Scholar Maurice S. Lee notes that the "madcap" comedy of the story can draw comparisons to The Life and Opinions of Tristram Shandy, Gentleman, Buster Keaton, and Wile E. Coyote, but that Poe's story also serves as a "meta-critical self-defense" of the bizarre events he presents in his own fiction. Lee also notes that in creating the Angel of the Odd, Poe allows for both a heavenly agent that directs life events while acknowledging that improbable, even miraculous events, can occur spontaneously. Scholar Dawn Sova summarizes the story as, "Poe's satire on the philosophy of human perfectibility".

Because the story also focuses on the narrator's readings, the story also implies that readers should stop being skeptical and believe all printed words are truthful. The idea is reinforced by noting that all of the narrator's difficulties begin when he makes the resolution no longer to believe what he reads.
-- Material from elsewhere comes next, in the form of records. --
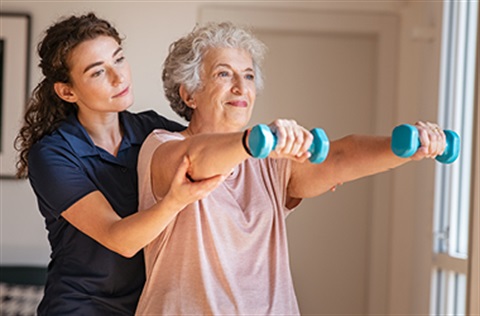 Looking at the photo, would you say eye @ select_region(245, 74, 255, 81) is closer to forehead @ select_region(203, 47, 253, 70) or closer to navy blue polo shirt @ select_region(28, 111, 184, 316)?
forehead @ select_region(203, 47, 253, 70)

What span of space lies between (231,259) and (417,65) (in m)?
2.59

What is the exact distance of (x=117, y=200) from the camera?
6.67 ft

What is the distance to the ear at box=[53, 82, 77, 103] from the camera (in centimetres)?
212

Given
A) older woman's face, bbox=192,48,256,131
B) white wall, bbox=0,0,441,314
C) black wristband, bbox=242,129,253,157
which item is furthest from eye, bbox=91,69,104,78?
white wall, bbox=0,0,441,314

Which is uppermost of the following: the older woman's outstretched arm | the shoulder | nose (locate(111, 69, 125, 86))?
nose (locate(111, 69, 125, 86))

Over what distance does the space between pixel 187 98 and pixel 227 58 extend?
15cm

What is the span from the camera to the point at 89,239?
6.84 feet

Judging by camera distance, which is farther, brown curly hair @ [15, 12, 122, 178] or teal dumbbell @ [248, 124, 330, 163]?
brown curly hair @ [15, 12, 122, 178]

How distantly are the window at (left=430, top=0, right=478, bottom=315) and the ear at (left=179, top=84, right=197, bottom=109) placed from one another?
5.39ft

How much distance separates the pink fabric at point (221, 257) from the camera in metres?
1.75

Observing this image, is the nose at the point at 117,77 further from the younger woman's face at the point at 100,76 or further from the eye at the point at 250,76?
the eye at the point at 250,76

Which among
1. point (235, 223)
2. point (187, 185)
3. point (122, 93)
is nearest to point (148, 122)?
point (122, 93)

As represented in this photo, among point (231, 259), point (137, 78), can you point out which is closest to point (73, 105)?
point (231, 259)

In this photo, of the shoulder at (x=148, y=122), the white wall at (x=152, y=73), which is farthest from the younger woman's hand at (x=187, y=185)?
the white wall at (x=152, y=73) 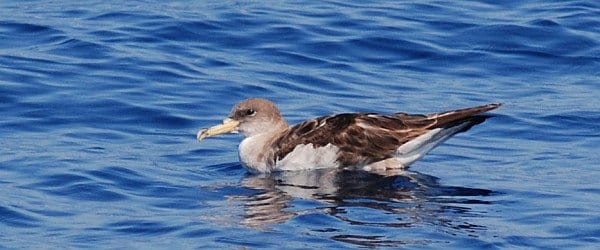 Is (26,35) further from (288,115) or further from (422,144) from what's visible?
(422,144)

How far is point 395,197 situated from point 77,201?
2532mm

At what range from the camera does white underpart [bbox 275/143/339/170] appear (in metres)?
13.9

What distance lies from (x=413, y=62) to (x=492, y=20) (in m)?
2.29

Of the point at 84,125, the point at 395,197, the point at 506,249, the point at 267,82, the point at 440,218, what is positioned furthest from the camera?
the point at 267,82

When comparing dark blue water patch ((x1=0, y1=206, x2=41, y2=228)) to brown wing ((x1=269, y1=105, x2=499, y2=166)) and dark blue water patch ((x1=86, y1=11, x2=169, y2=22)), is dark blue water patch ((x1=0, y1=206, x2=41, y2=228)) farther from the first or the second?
dark blue water patch ((x1=86, y1=11, x2=169, y2=22))

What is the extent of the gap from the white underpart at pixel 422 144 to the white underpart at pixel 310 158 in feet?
1.91

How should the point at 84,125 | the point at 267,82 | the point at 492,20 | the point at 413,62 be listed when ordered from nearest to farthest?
the point at 84,125
the point at 267,82
the point at 413,62
the point at 492,20

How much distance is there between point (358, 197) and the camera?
12523mm

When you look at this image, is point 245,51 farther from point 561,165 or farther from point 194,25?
point 561,165

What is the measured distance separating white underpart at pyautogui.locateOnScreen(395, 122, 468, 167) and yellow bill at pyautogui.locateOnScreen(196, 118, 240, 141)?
1.58 m

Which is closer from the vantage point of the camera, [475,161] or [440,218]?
[440,218]

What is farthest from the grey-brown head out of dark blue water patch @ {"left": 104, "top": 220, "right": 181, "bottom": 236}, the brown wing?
dark blue water patch @ {"left": 104, "top": 220, "right": 181, "bottom": 236}

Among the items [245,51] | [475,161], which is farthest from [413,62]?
[475,161]

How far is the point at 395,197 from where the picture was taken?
1259 cm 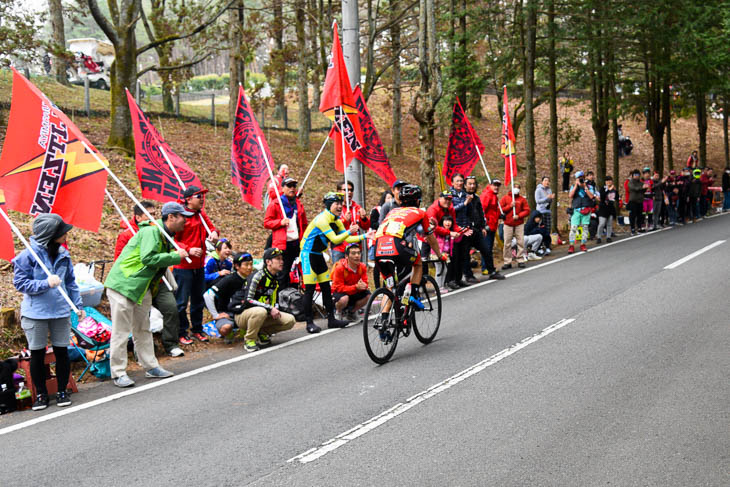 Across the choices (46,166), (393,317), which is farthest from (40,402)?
(393,317)

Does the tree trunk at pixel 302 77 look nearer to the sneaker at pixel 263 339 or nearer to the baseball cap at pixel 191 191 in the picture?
the baseball cap at pixel 191 191

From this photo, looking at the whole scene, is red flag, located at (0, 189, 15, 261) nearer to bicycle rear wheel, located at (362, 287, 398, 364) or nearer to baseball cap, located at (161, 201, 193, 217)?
baseball cap, located at (161, 201, 193, 217)

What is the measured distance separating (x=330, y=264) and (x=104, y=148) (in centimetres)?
863

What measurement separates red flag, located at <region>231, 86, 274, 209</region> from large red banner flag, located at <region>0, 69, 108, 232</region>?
377 centimetres

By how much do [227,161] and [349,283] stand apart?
14.1 metres

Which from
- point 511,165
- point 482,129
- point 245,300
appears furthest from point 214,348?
point 482,129

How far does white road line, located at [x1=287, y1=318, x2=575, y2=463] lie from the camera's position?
5699mm

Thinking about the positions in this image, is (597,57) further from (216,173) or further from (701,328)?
(701,328)

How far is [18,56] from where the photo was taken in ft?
60.5

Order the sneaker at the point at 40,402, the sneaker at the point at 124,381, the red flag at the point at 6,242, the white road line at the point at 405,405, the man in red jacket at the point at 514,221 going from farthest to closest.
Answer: the man in red jacket at the point at 514,221, the sneaker at the point at 124,381, the red flag at the point at 6,242, the sneaker at the point at 40,402, the white road line at the point at 405,405

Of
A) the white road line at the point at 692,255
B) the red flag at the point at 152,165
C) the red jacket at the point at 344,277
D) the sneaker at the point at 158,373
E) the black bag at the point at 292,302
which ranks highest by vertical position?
the red flag at the point at 152,165

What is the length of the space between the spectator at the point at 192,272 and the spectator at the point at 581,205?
1091 centimetres

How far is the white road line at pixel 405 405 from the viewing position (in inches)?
224

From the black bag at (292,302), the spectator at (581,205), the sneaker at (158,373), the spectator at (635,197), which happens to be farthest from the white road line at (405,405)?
the spectator at (635,197) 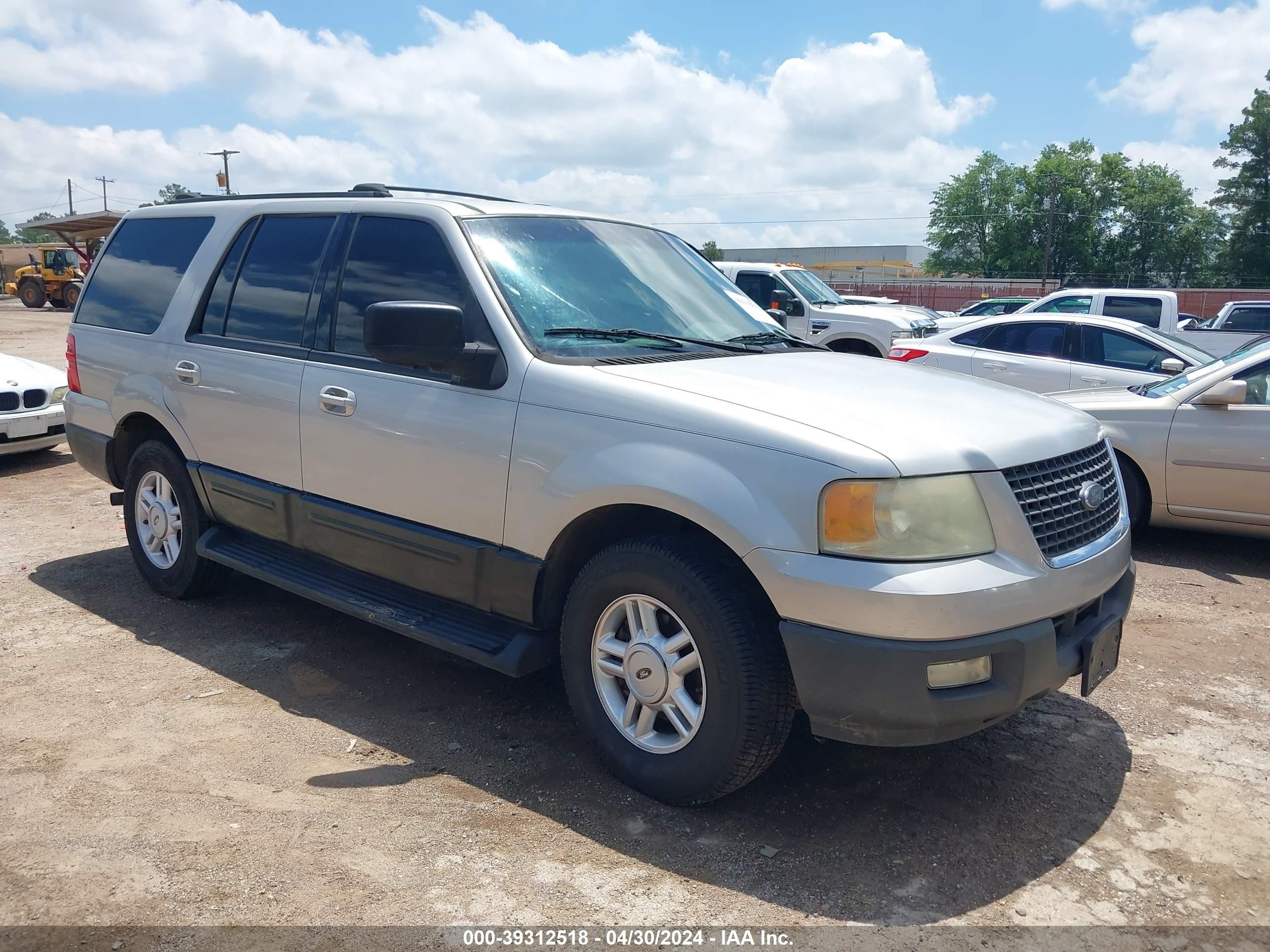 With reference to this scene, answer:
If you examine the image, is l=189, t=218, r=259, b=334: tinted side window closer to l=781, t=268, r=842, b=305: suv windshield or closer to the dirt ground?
the dirt ground

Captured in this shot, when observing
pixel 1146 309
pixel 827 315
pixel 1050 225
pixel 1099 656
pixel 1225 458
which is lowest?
pixel 1099 656

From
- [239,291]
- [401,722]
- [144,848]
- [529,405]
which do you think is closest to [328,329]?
[239,291]

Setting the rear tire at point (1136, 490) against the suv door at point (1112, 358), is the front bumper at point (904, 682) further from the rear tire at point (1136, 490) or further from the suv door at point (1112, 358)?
the suv door at point (1112, 358)

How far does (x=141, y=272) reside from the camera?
5.38m

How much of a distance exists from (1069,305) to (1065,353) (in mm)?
7145

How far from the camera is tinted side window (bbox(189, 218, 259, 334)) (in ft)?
15.8

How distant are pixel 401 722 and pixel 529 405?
1447 millimetres

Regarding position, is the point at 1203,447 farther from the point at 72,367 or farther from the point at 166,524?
the point at 72,367

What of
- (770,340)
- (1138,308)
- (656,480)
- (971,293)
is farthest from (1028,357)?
(971,293)

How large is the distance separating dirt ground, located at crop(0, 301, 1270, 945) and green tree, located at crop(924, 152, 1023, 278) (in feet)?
270

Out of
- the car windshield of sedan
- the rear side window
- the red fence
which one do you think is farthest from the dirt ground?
the red fence

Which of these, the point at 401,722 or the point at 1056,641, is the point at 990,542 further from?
the point at 401,722

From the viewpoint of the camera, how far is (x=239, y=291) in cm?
475

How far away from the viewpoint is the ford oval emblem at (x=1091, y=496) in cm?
328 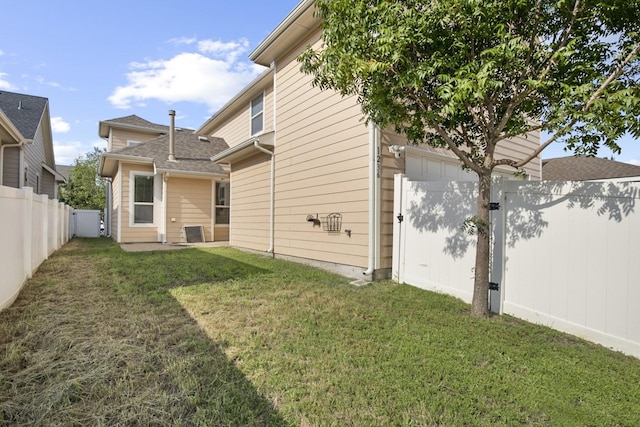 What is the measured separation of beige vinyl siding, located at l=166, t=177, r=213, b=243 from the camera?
11.5 meters

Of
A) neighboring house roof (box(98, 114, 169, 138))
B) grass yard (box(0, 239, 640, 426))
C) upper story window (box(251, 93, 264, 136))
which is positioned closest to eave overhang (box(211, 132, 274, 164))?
upper story window (box(251, 93, 264, 136))

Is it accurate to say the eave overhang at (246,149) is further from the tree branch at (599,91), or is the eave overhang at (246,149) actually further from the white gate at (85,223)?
the white gate at (85,223)

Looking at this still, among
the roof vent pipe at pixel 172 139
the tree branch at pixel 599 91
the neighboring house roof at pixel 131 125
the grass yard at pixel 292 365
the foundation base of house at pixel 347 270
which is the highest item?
the neighboring house roof at pixel 131 125

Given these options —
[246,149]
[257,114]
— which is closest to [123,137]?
[257,114]

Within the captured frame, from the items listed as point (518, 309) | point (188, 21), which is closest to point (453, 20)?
point (518, 309)

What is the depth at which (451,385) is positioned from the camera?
2.29 m

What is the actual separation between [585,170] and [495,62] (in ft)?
46.9

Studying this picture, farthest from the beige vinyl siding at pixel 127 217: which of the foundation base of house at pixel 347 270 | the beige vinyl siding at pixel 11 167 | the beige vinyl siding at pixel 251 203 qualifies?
the foundation base of house at pixel 347 270

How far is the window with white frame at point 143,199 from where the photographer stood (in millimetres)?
11367

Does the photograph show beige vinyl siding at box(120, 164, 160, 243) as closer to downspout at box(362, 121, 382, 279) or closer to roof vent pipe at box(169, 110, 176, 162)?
roof vent pipe at box(169, 110, 176, 162)

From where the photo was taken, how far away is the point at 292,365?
2539 millimetres

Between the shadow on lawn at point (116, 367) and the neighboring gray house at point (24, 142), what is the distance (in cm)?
665

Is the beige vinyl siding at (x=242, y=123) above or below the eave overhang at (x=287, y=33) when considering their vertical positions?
below

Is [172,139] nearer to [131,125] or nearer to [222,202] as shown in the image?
[222,202] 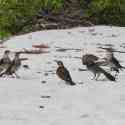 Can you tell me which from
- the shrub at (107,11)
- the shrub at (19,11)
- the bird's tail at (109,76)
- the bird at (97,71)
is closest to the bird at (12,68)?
the bird at (97,71)

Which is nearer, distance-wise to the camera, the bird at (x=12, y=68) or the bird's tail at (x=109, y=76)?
the bird's tail at (x=109, y=76)

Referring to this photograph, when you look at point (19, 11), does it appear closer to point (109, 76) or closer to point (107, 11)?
point (107, 11)

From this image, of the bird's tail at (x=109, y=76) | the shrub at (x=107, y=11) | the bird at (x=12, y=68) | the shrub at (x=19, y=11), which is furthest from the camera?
the shrub at (x=107, y=11)

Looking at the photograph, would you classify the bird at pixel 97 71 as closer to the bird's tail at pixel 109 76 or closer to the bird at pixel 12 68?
the bird's tail at pixel 109 76

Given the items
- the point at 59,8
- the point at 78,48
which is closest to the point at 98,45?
the point at 78,48

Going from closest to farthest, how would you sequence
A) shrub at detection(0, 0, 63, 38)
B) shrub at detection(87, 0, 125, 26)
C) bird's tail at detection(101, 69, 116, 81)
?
bird's tail at detection(101, 69, 116, 81) < shrub at detection(0, 0, 63, 38) < shrub at detection(87, 0, 125, 26)

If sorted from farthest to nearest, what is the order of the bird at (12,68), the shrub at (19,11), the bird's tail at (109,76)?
the shrub at (19,11)
the bird at (12,68)
the bird's tail at (109,76)

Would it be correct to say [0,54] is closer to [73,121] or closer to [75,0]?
[73,121]

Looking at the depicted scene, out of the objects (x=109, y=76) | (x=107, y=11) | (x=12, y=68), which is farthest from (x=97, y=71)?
(x=107, y=11)

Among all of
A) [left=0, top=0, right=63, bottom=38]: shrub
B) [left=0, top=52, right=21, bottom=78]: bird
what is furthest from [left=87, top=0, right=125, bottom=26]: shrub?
[left=0, top=52, right=21, bottom=78]: bird

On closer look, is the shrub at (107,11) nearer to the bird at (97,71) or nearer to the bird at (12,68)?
the bird at (12,68)

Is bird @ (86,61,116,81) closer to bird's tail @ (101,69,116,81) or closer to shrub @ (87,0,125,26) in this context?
bird's tail @ (101,69,116,81)

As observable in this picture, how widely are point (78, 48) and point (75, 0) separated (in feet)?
24.0

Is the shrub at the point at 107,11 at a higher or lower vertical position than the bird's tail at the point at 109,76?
lower
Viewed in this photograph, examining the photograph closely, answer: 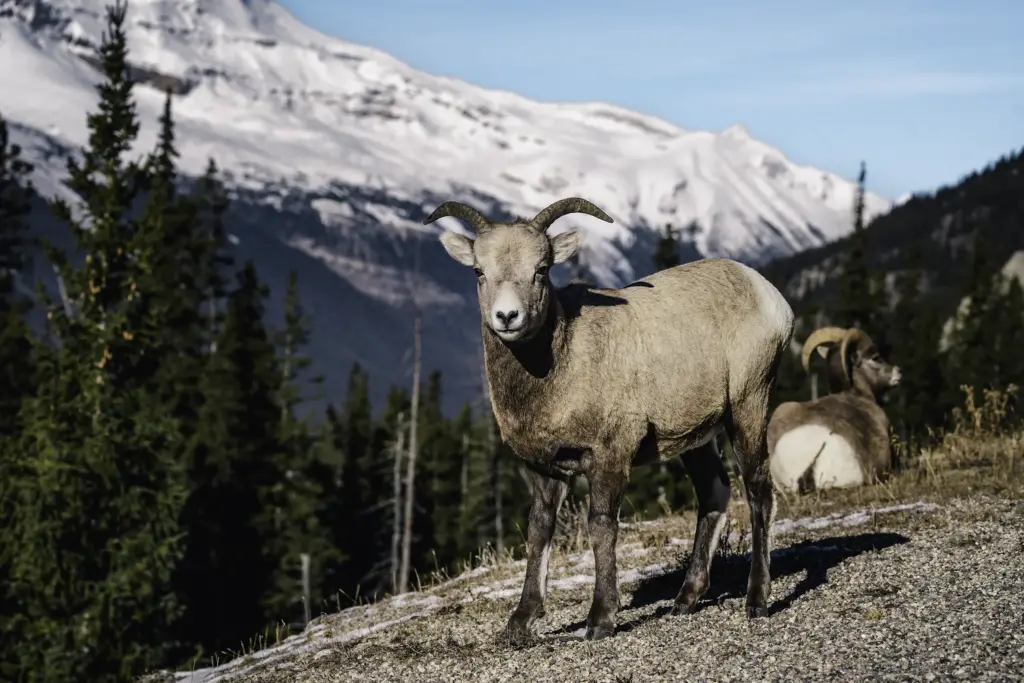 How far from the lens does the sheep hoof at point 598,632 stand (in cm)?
803

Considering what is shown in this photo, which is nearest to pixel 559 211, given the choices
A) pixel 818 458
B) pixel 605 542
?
pixel 605 542

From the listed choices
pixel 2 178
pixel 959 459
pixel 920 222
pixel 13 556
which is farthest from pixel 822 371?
pixel 920 222

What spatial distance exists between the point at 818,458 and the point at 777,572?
4.65 metres

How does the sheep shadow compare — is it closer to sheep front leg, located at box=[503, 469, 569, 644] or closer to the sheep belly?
sheep front leg, located at box=[503, 469, 569, 644]

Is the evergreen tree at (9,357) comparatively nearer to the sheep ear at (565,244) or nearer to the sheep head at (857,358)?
the sheep head at (857,358)

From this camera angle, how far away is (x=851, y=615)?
26.3 feet

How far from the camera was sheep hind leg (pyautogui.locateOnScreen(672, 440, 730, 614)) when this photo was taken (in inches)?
348

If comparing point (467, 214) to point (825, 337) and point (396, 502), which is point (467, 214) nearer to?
point (825, 337)

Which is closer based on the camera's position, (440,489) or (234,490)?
(234,490)

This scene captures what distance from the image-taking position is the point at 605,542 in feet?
26.5

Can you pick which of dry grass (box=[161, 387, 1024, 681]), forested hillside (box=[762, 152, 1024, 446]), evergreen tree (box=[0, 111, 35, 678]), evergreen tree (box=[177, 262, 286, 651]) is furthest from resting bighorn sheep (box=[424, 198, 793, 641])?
evergreen tree (box=[177, 262, 286, 651])

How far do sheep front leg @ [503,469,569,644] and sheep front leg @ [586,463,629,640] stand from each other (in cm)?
38

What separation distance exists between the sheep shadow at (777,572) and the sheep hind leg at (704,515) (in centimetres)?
16

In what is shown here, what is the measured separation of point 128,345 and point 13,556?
5453mm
Nevertheless, the initial incident which propels the plot, the narrator reading about a game of "puff the dart", may have been a censure of the system of puffery prevalent among literary critics of the era.

However, the narrator is also an unreliable narrator, having consumed large amounts of food and alcohol before telling his story. Scholar Jonathan Hartmann notes that the story is a more light-hearted temperance tale with a similar message as the darker toned "The Black Cat". Psychoanalyst Marie Bonaparte believed the character and plot reflected Poe's own struggle with alcoholism.

The Angel of the Odd speaks with an unusual dialect, which Poe biographer Arthur Hobson Quinn said "was not spoken anywhere on the globe". Silverman referred to it as "a phunny German-Dutch dialect". Scholar Emily Ogden notes that the Angel of the Odd's accent is "as odd as his accidents".